Research Limited Due to Stigma
According to the American Foundation for Suicide Prevention, we have a long way to go in understanding the bewildering complexities involved in suicide — including physical illness and mental health challenges. Depression, which is drawing attention with news that the late actor and comedian Robin Williams was fighting it, is considered a leading factor in suicide. But despite it being the 10th leading cause of death in the U.S., according to the federal Centers for Disease Control and Prevention, research on suicide has been lacking.
“What we know about the causes of suicide lags far behind our knowledge of many other life-threatening illnesses and conditions,” the organization’s website explains. “In part, this is because the stigma surrounding suicide has limited society’s investment in suicide research.”
It has long been recognized that there is a complex interaction between the psychological, social and genetic variables that govern whether an individual will take his or her own life, said Dr. David Sack, a psychiatrist and CEO of the mental health treatment centers of Elements Behavioral Health. Other public health officials also cite increasing age, chronic, serious or terminal medical illness, living alone and a history of psychiatric disorder or substance abuse as factors that increase a person’s suicide risk.

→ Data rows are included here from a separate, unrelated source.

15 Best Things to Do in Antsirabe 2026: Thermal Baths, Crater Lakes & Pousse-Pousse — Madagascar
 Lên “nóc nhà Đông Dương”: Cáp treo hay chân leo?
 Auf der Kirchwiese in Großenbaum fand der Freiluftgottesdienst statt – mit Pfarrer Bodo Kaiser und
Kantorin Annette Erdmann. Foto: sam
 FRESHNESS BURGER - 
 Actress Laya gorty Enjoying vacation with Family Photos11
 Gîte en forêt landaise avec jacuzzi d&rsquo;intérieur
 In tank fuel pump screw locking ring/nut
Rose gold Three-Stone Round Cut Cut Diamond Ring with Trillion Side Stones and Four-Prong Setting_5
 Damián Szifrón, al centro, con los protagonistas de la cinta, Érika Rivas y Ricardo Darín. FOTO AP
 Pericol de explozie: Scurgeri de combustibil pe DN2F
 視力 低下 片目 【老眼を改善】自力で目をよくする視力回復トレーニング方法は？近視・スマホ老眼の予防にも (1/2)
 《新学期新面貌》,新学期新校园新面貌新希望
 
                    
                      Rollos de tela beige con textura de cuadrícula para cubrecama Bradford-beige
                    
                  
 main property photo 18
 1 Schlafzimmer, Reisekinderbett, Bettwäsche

“Until recently, there has been little progress on the biological side of assessing suicide risk,” Dr. Sack said. “Increased serum cortisol levels and decreased brain serotonin levels are two factors that have been correlated with increased risk. Now for the first time, researchers have identified a genetic marker for suicide, which, if confirmed, could help clinicians identify those at exceptionally high risk to take their lives.”
The CDC reported that in 2011, the most current data available, 39,518 Americans died by suicide. Despite the advent of anti-depressant medications and their ever-wider use, there has been no corresponding reduction in suicide rates. Hence, the attention to the research potentially leading to a blood test screening for suicide risk.
“This test could potentially save thousands of lives,” Dr. Sack said, “when combined with a multimodal treatment approach.”
To help understand the latest finding, it helps to know a bit about recent research. From the American Foundation for Suicide Prevention:
“The brain systems that have been most frequently studied as factors in suicide are the serotonergic system, adrenergic system and the Hypothalamic-Pituitary Axis (HPA), which relate to mood, thinking and stress response, respectively. This research has also identified neurobiological impairments related to depression and other underlying mental disorders, as well as to acute or prolonged stressors.
“One of the key challenges of neurobiological studies is determining the abnormalities in genes, brain structures or brain function that differentiate depressed people who died by suicide from depressed people who died by other causes.”
With larger-scale studies, Kaminsky and his colleagues hope to further confirm their results and move closer to preventing suicide. For example, the findings might be used to restrict lethal means or methods among those at risk, or to make decisions regarding the intensity of intervention approaches.
A blood test to predict suicide risk could also be used in the military, Kaminsky said, with those at highest risk being more closely monitored when they return from deployment.
In 2011, the CDC reported, someone in the U.S. died by suicide every 13.3 minutes. Two military veterans take their lives every day.